Pictures are not part of the answer. Return the lines from the one containing "365 Whole Foods" through the end of the data, both included, exactly as they appear.
**** Data to examine
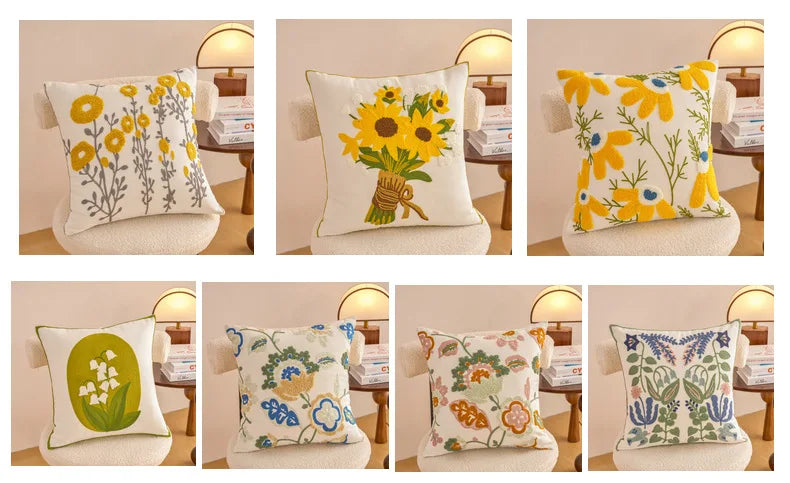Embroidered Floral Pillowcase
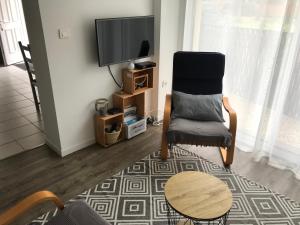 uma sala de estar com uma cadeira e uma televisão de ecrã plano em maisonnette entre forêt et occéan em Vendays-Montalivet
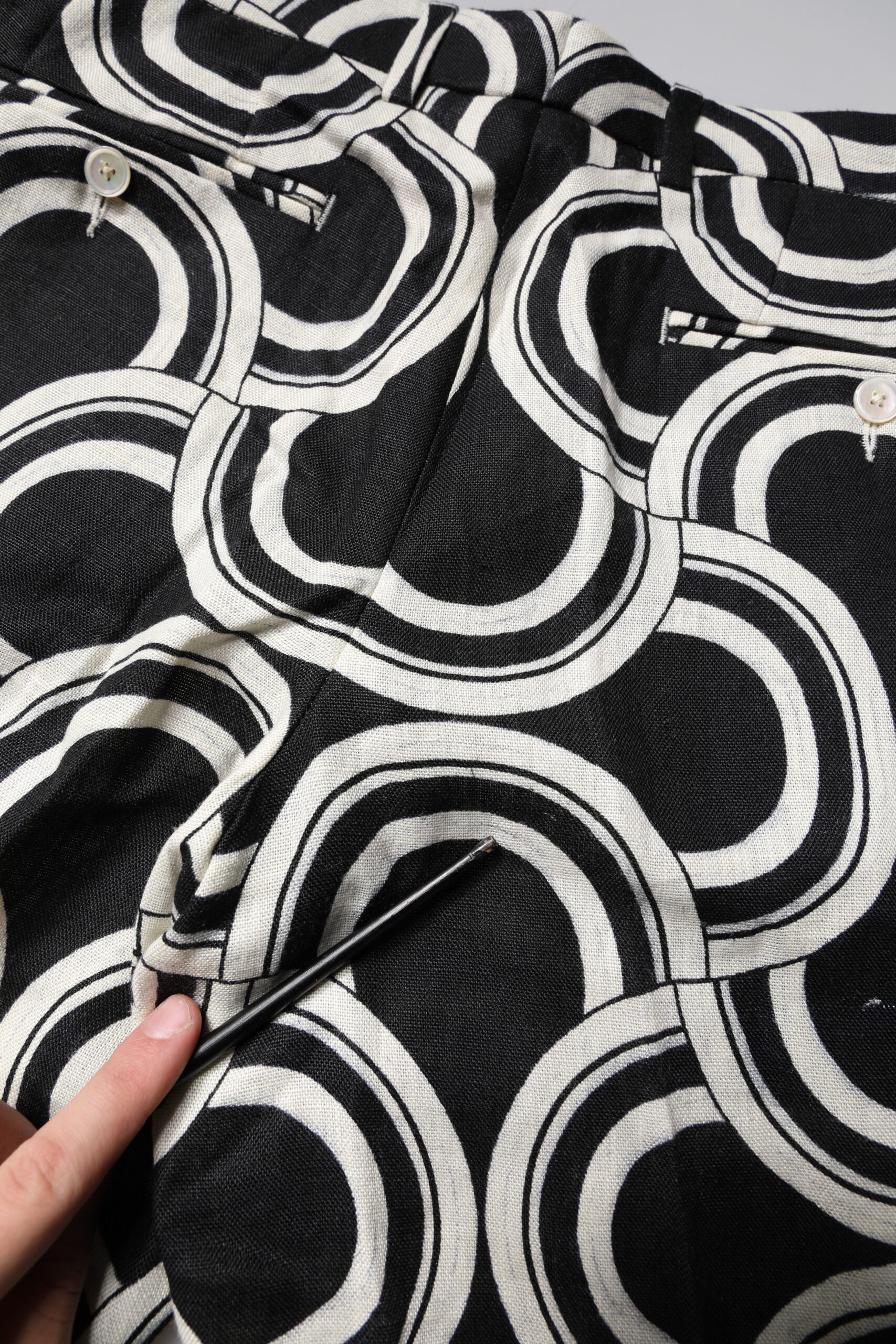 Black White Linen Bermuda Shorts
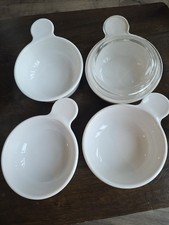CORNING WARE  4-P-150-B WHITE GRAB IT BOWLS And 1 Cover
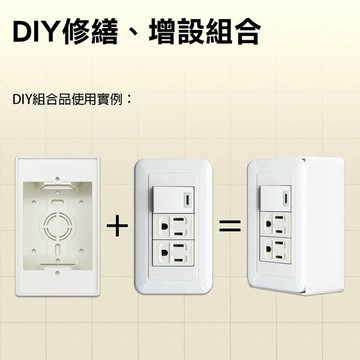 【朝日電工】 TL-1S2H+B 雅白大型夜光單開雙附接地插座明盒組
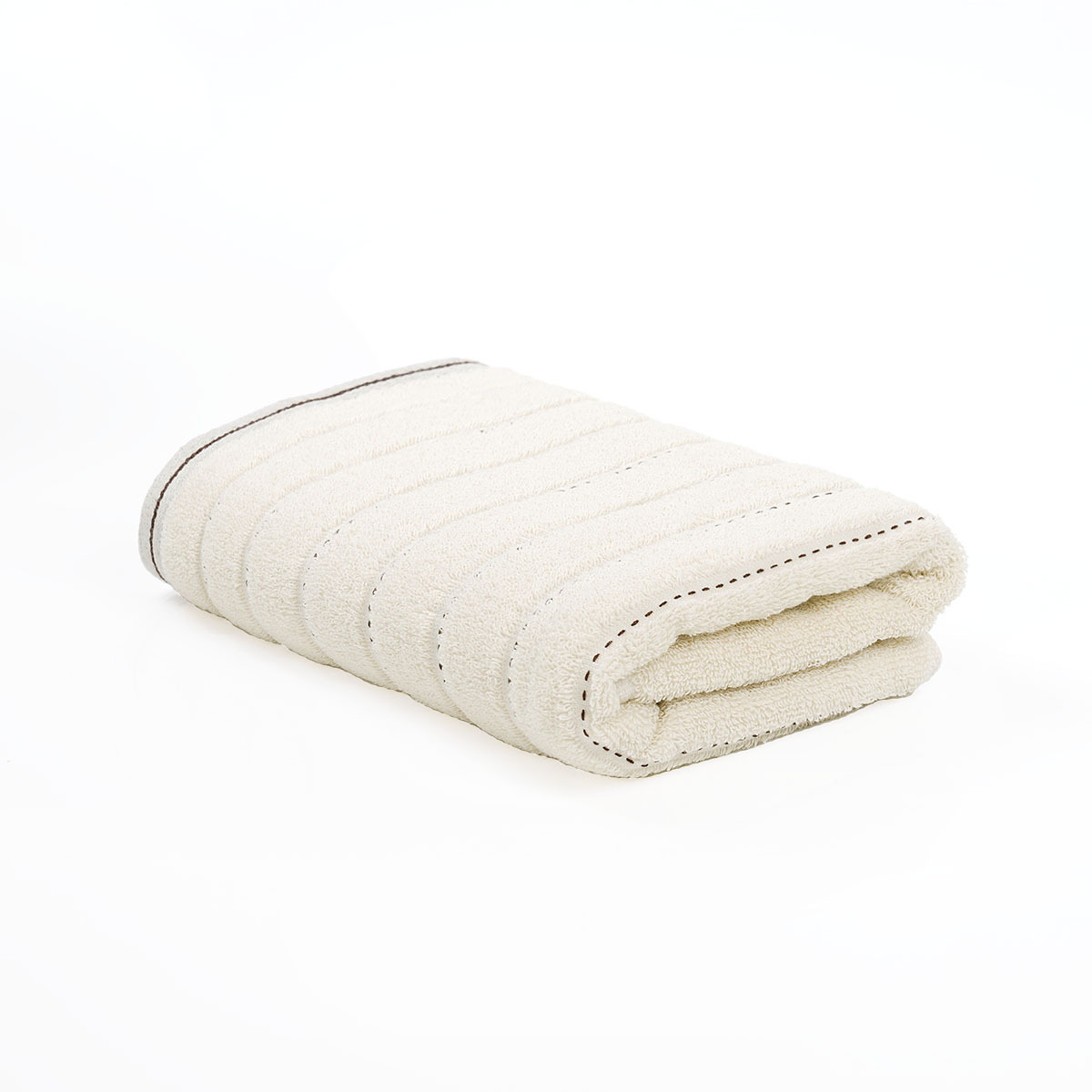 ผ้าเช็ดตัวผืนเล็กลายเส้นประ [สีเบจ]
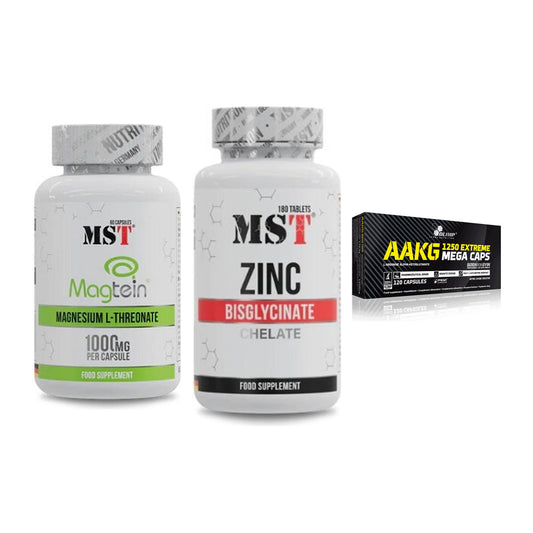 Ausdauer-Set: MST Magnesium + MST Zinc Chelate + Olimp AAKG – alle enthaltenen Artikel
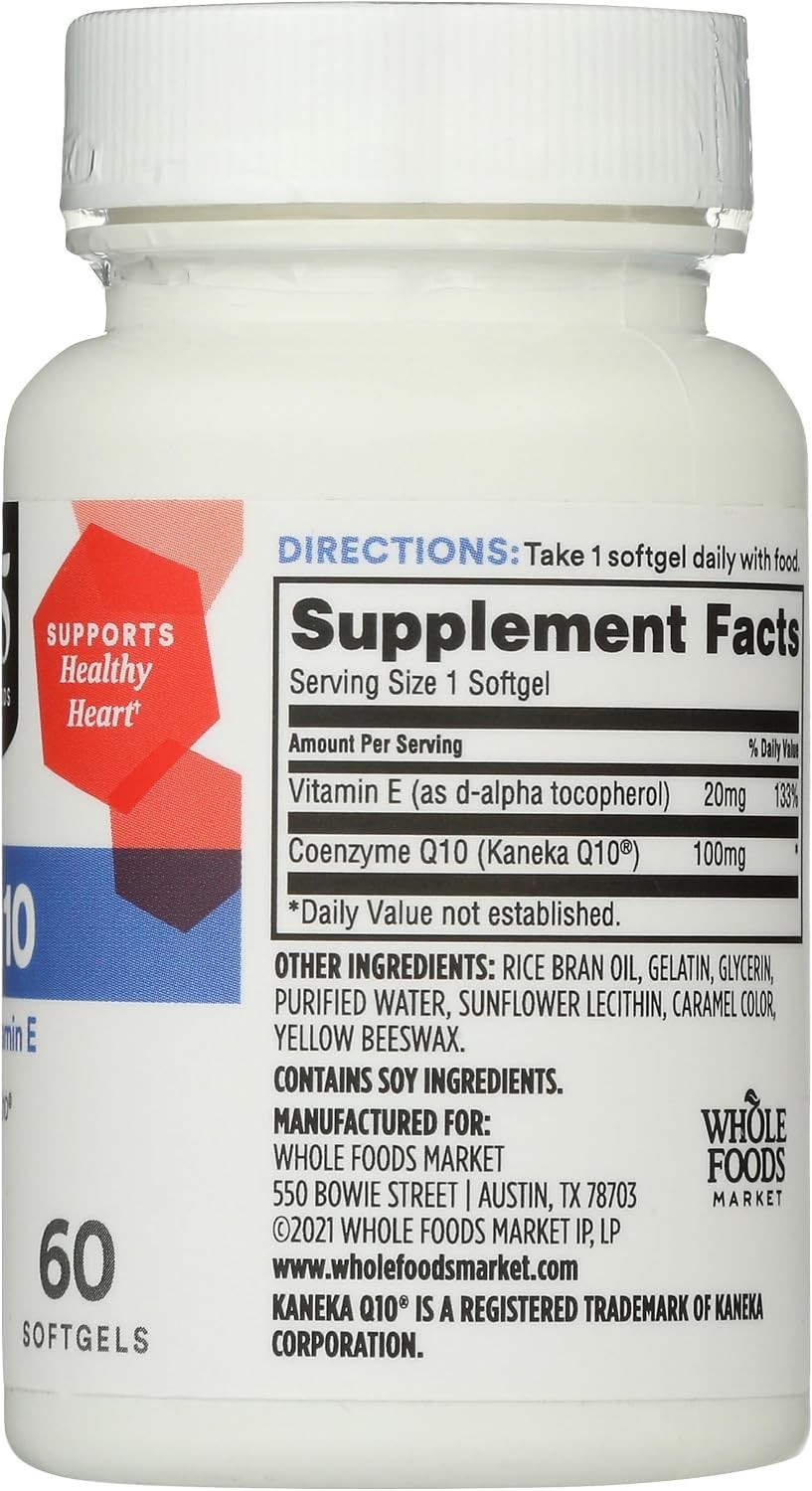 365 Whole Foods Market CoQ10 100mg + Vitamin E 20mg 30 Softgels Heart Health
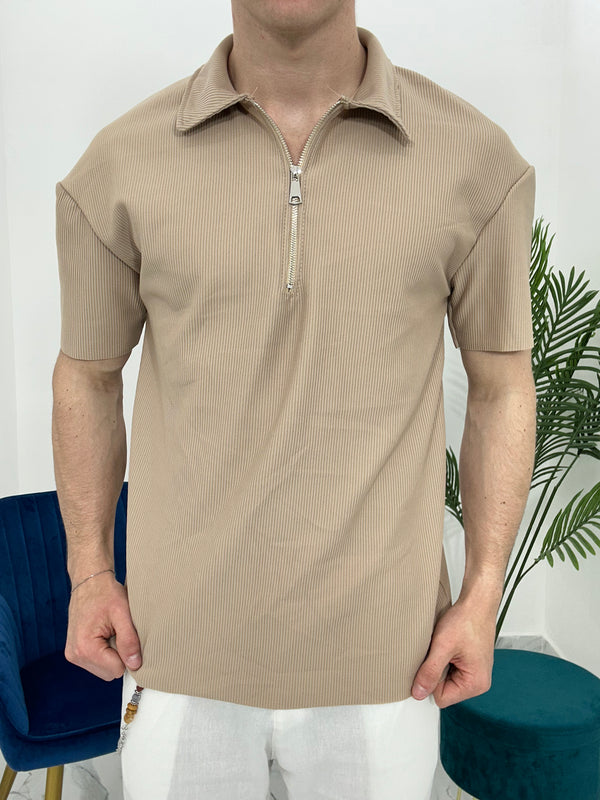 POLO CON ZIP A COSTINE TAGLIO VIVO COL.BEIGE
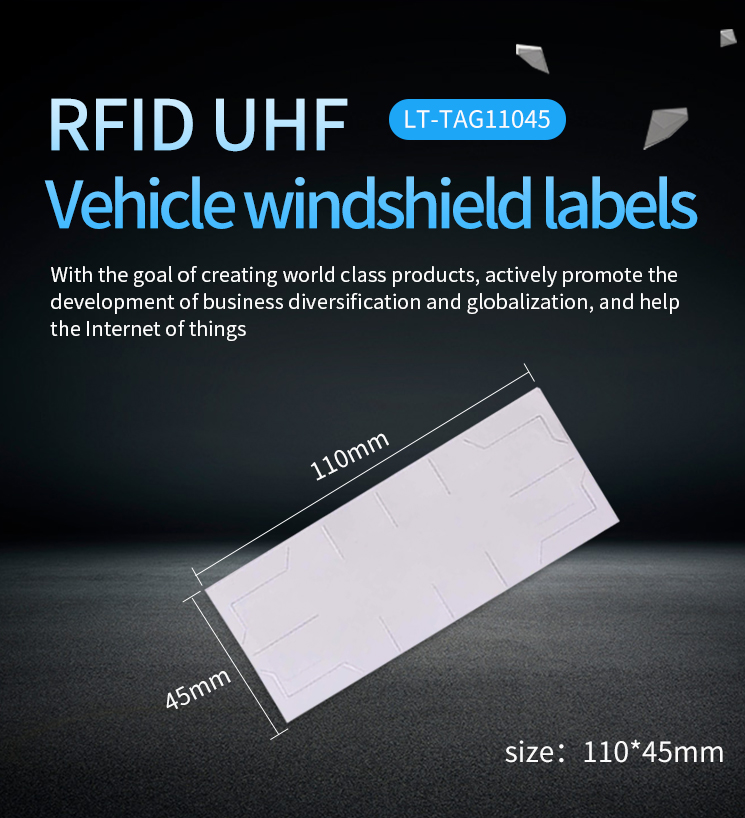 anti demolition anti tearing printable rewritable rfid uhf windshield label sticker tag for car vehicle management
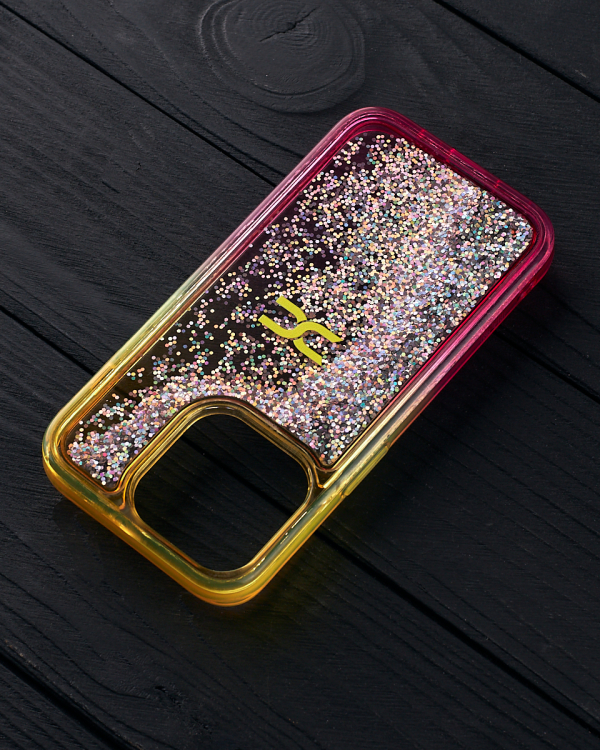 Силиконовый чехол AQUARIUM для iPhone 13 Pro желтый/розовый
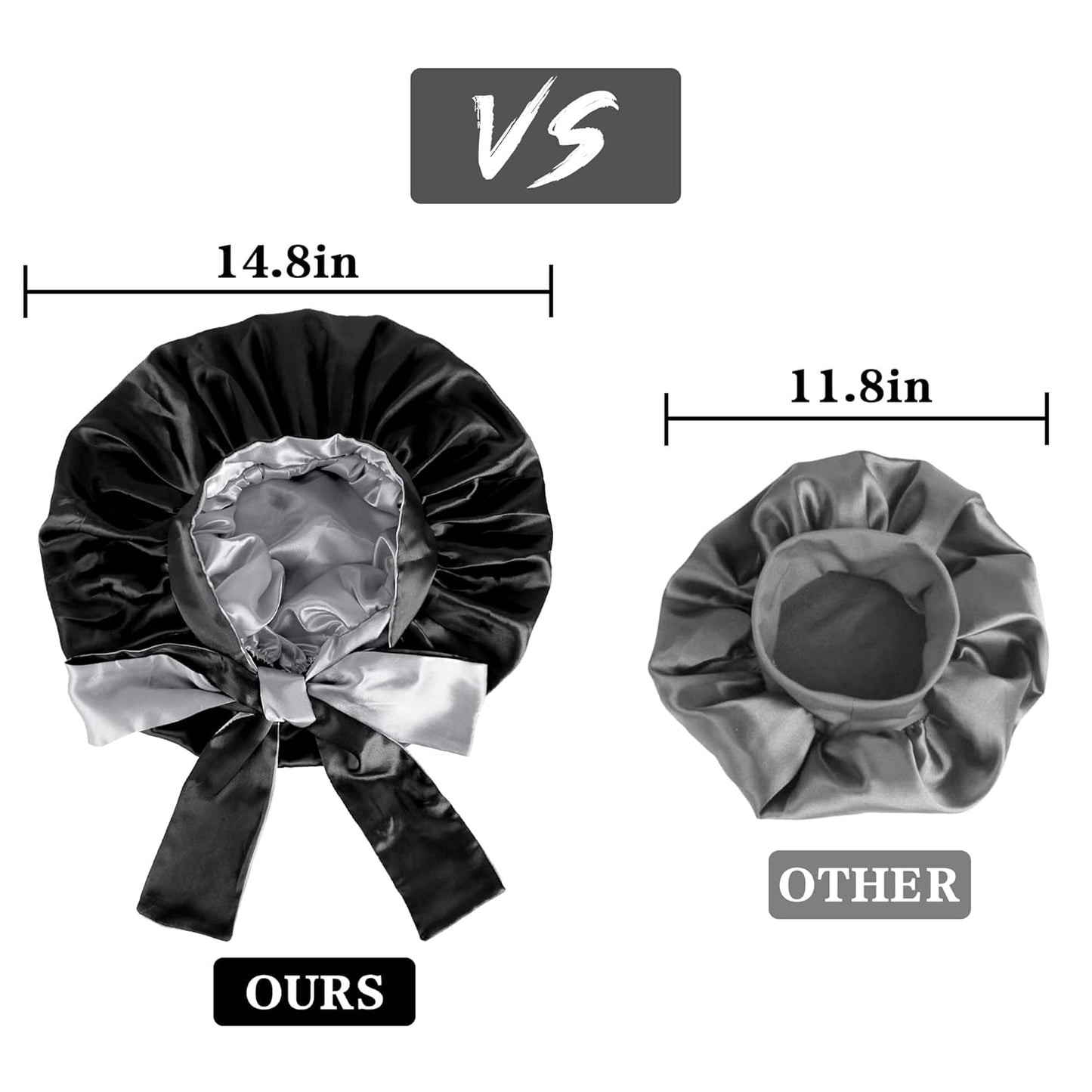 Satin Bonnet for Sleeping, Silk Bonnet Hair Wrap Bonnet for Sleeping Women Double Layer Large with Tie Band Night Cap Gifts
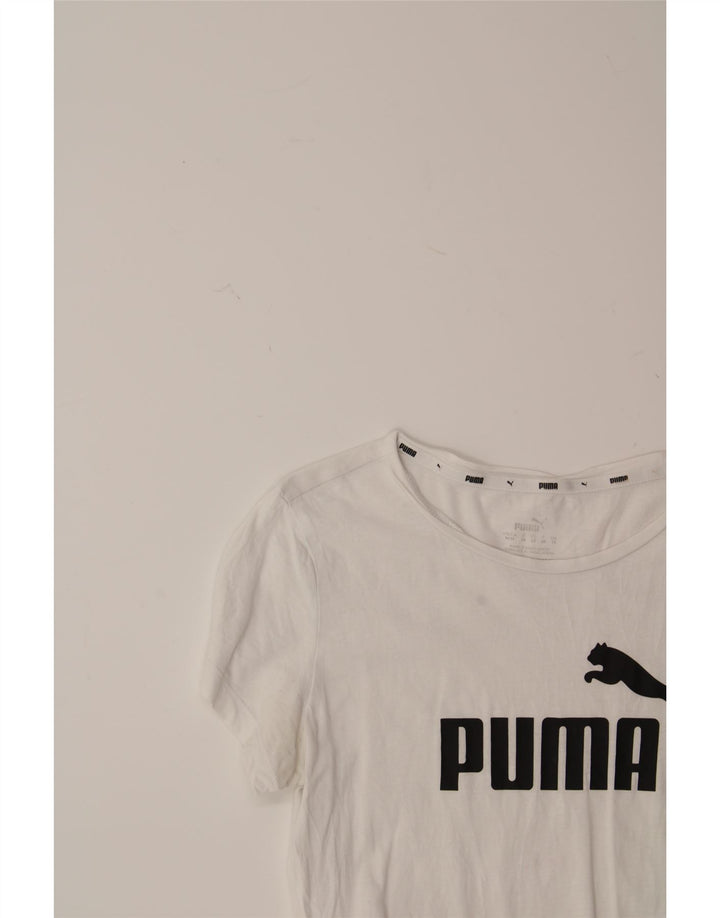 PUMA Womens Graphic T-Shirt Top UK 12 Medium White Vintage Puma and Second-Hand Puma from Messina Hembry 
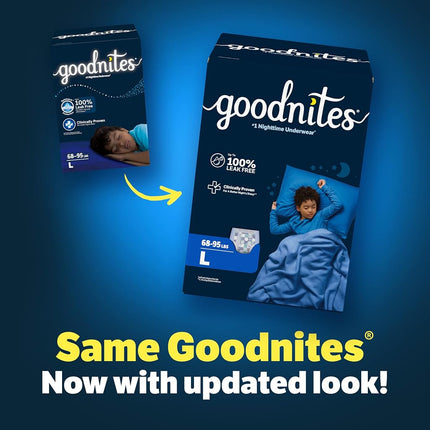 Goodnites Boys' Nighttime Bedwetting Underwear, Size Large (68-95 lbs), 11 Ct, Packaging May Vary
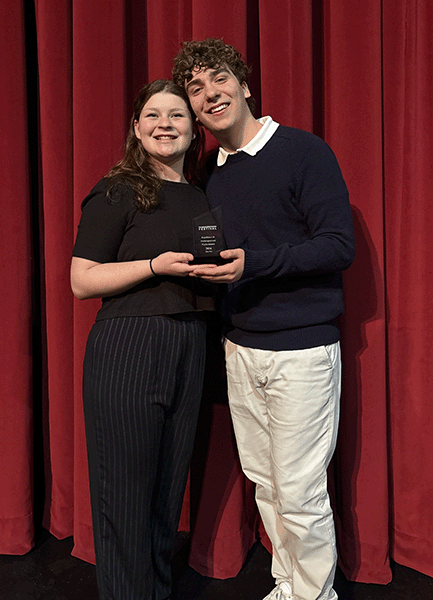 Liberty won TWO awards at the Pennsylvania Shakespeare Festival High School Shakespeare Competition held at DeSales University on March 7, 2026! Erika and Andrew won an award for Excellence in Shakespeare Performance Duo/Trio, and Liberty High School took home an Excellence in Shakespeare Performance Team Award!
********
- _Solution to the problem_
 365 Whole Foods Market CoQ10 100mg + Vitamin E 20mg 30 Softgels Heart Health
 POLO CON ZIP A COSTINE TAGLIO VIVO COL.BEIGE
 anti demolition anti tearing printable rewritable rfid uhf windshield label sticker tag for car vehicle management
 Силиконовый чехол AQUARIUM для iPhone 13 Pro желтый/розовый
 Satin Bonnet for Sleeping, Silk Bonnet Hair Wrap Bonnet for Sleeping Women Double Layer Large with Tie Band Night Cap Gifts
 PUMA Womens Graphic T-Shirt Top UK 12 Medium White Vintage Puma and Second-Hand Puma from Messina Hembry 
 Goodnites Boys' Nighttime Bedwetting Underwear, Size Large (68-95 lbs), 11 Ct, Packaging May Vary
 Liberty won TWO awards at the Pennsylvania Shakespeare Festival High School Shakespeare Competition held at DeSales University on March 7, 2026! Erika and Andrew won an award for Excellence in Shakespeare Performance Duo/Trio, and Liberty High School took home an Excellence in Shakespeare Performance Team Award!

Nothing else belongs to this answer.